Senior Measurement Scientist Christopher Runyon discusses his background, research in using Natural Language Processing to assess clinical reasoning and what drives his passion for the work.
I’ve always been interested in the way people think. As a first-generation college student, my parents encouraged me to follow my passions, which led me to a degree in Tibetan Buddhism. I wasn’t sure what to do after graduating, but soon realized I wanted to be an academic. I earned degrees in philosophy and psychology at Virginia Commonwealth University and completed a cognitive science master’s program at James Madison University.
I went on to pursue a PhD in quantitative methods at the University of Texas at Austin. While wrapping up, I was fortunate enough to join the NBME Assessment Science and Psychometric Internship program. Learning about the extensive research happening at NBME gave me a new perspective on non-academic work. Shortly after my internship ended, the organization hired me as a measurement scientist.
Natural Language Processing advances assessment capabilities
My first project at NBME was working on the use of Natural Language Processing (NLP) for automated scoring of USMLE® Step 2 Clinical Skills (CS). Natural Language Processing is a subfield of Artificial Intelligence that explores the processing of natural language by computer systems. Everyday examples of NLP applications include Alexa, Siri and ChatGPT.
In assessment, traditional uses for NLP systems include automated scoring of essays and free-text responses. Recent advances have enabled the exploration of improving test development processes by helping to create exam content and predicting how a test question will perform.

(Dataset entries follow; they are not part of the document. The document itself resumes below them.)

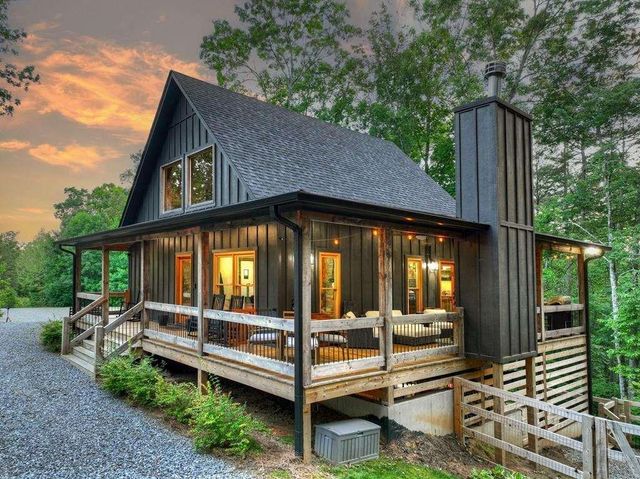 270 Wild Oaks Way, Ellijay, GA 30540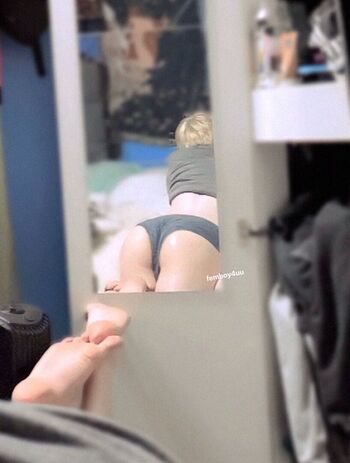 Full leaked Femboy uu private onlyfans photo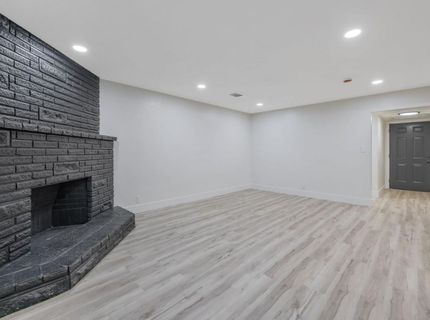 697 E Scott Ave, Fresno, CA 93710 Photo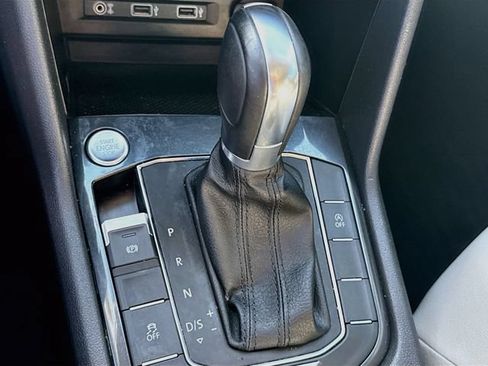 Used 2018 Volkswagen Tiguan SE w/ Panoramic Sunroof Package AWD/4WD image 23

While the project of using NLP for automated scoring of Step 2 CS never operationalized because the exam was discontinued, the research behind it continues to be built upon to assess clinical reasoning.
Assessing the process of clinical reasoning
My current research focuses on studying and developing assessments of clinical reasoning, which encompasses a variety of overlapping and interconnected skills and behaviors. Many measures focus on the outcome of the process; I am interested in studying and developing measures of the process itself.

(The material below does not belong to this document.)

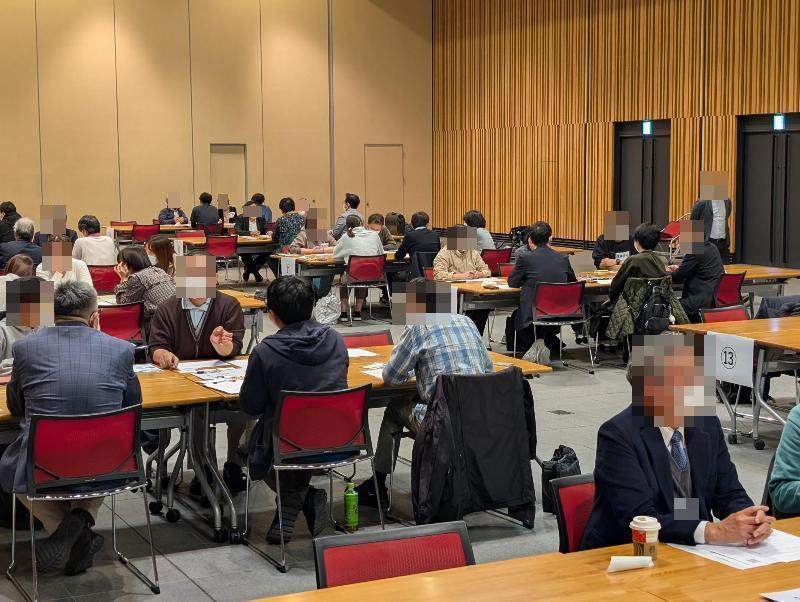 心不全についてグループごとにディスカッションをする医療・介護職4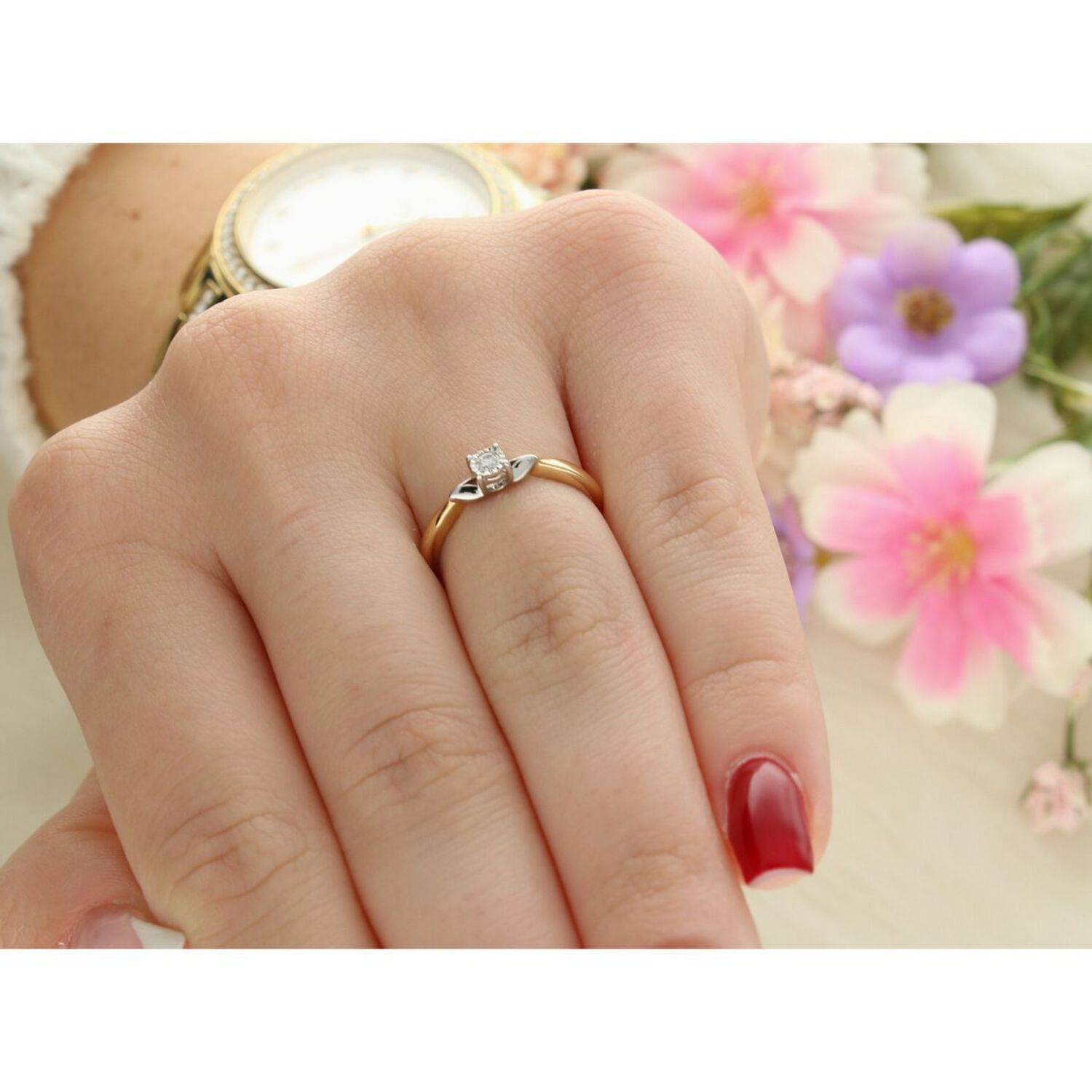 Złoty pierścionek damski 585 Subtelny pierścionek z Diamentem o ciekawej oprawie 0.05 ct   Pierścionek z żółtego 14 karatowego złota z Diamentem, idealny prezent dla każdej kobiety. Pierścionek idealny na zaręczyny..jpg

Let’s compare it to a multiple-choice math test. If a student chooses the right answer, are we confident they had the skills to solve the problem? Maybe they did – they solved it using skills they were taught. Or maybe they guessed correctly. Or they had the wrong idea about how to solve the problem and chose the answer that was closest to what they thought it should be. This is like a clinical reasoning assessment that is focused only on the outcome of the reasoning process.

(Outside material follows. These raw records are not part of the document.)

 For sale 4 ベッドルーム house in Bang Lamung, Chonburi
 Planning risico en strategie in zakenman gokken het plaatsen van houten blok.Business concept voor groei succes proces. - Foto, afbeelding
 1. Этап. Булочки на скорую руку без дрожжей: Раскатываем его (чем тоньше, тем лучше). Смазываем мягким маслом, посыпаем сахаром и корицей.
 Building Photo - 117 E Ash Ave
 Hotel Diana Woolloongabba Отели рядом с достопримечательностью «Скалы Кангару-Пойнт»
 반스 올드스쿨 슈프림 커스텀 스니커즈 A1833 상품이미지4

Multiple-choice questions are a reliable tool to assess knowledge of a broad range of topics; however, technology has vastly improved, allowing us to assess using new methods. To return to the previous example, let’s say the math test doesn’t have answers to choose from – students must show their work and circle their answer. With this type of assessment, we can learn about their thought process, recognize their problem-solving approaches, identify errors in thinking and guide them to improve.
Innovating clinical reasoning assessment through NLP
We can build on this to explore the application of NLP models in clinical skills assessment for medical students. In practice, patients give a lot of information – how does the physician sort through it to come up with the correct diagnosis and treatment plan? That’s what clinical reasoning is – the thought process a student or physician uses to get to the root of the problem and take the appropriate steps to address it, and getting it right is critical. We hope these developments into assessing clinical reasoning will support better, high-quality assessments that are reflective of the skills students need to build, ultimately helping them develop into better physicians.
In many respects, my research is nothing new. There is a plethora of articles and books and many brilliant researchers who develop and push the boundaries of clinical reasoning assessment. What I hope to bring is a different perspective. I’ve studied cognitive science and quantitative methods, and I work at an organization that has a relationship with most medical schools in the United States. I aim to leverage my skills and work to build upon, collaborate and amplify the research of others. I also have the unique opportunity to give back to the program that jumpstarted my career in measurement science – this will be my fourth year serving as coordinator of the NBME Assessment Science and Psychometric Internship program.
Ultimately, I hope my research serves to create assessments that make learners better health care professionals. That is one of the honors of working at NBME – the work has a broad impact. Clinical reasoning is just one piece of that puzzle, and if I do my job well it means that I’ve played a small part in supporting the health of the public.